Una Garlick’s extended family and friends provided her with work recording weddings and family gatherings. Occasional commissions for portrait and other work, the sale of exhibition prints and competition prize money appear to have been her only earned income. Her quest for interesting subjects took her throughout New Zealand with her car and camera, and she embarked on a number of overseas trips with one or other of her sisters.
Involvement in photographic societies provided Garlick with the stimulation of competition and critical comment. She was the first woman nominated as a member of the Auckland Camera Club (later the Auckland Photographic Society) after it changed its rules to admit ‘lady members’ in 1921. Between 1922 and 1927 she played a prominent role in the club, winning many of its monthly competitions and receiving its annual medal in 1926. At the height of her career Garlick was widely acknowledged as a photographer of considerable ability. Between 1925 and 1931 she had more than 30 prints accepted by international salons in London, Paris, Boston and Vancouver, and she became an associate member of the Royal Photographic Society of Great Britain.

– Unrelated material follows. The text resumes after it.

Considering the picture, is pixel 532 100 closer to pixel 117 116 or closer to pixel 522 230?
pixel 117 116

Along with other New Zealand photographers, particularly Gerald E. Jones and George Chance, Una Garlick identified with the British-based Pictorialist movement, which promoted photography as art, stressed the importance of deliberate, well-balanced composition, and employed various techniques to capture mood and atmosphere. She produced landscapes of considerable merit, but is best remembered for a series of evocative portraits of Māori women. One of these studies, entitled ‘Georgina’, appeared in the American Annual of Photography in 1930.

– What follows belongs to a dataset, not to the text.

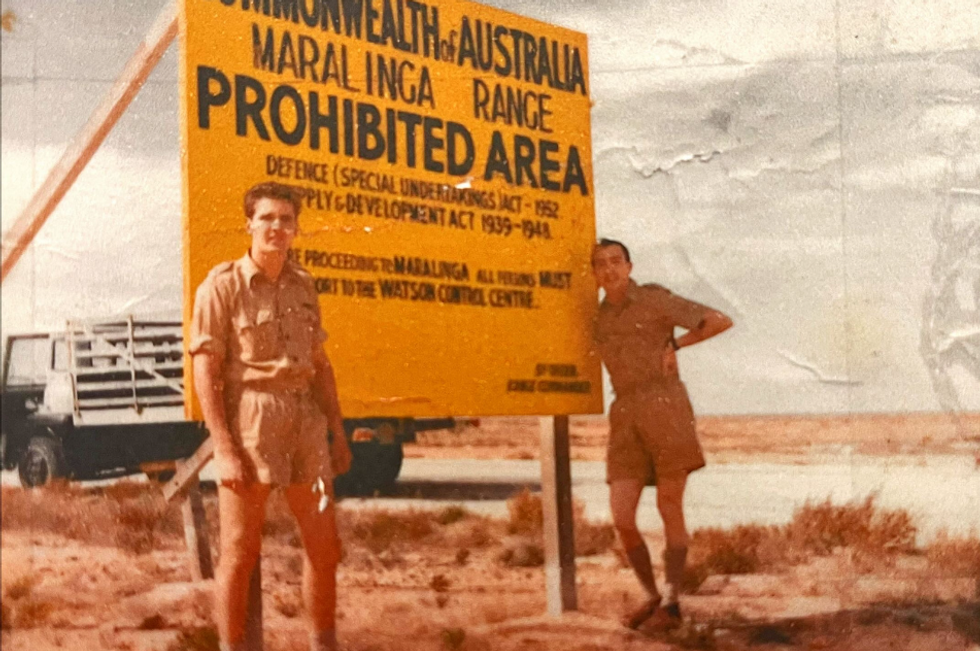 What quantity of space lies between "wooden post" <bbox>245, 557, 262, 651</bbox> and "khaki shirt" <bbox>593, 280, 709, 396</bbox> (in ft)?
5.41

Una Garlick died of cancer at her home in Ormonde Road, Remuera, on 17 March 1951. She was a strong personality, described by her family as frank and forthright, and her photographic career demonstrated her creative discipline and dedication. The Auckland Institute and Museum holds a number of Garlick’s negatives and prints; other prints are held at the Rotorua Art and History Museum and the Alexander Turnbull Library, Wellington.